As we want to select another model, our final decision is to choose the full model (the best in terms of MAE), that is, DT with no extra treatment of the included data (full model: no retirement and no rejuvenation) and a model with (in this case, the retire with active learning criteria plus rejuvenate model).

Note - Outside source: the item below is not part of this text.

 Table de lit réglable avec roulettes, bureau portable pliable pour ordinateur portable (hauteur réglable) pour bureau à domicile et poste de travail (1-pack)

4.3. Batch and “Online” Random Forest

Figure 7 shows the one-hour ahead results (as blue points) for RF, for an “online” RF with rolling windows of 10 and 50 days and for a RF running in batch mode—again, to visually compare the results, we show the observed data as black points (lower right corner).
A visual inspection of the figure does not show any strange phenomena, as it could be expected for a method as reliable like random forest. For a naked eye, the three tested RF provide accurate results very similar to the observed data.
Table 5 shows the forecasting error evaluation for every different type of RF. It can be observed that the “online” RF with a window length of 50 days is clearly the best model. But, and although it is not strictly necessary, as it is its “pure” form, we are also going to keep the batch RF for our next comparisons (although it is worse than the “online” version with a window length of 50 days).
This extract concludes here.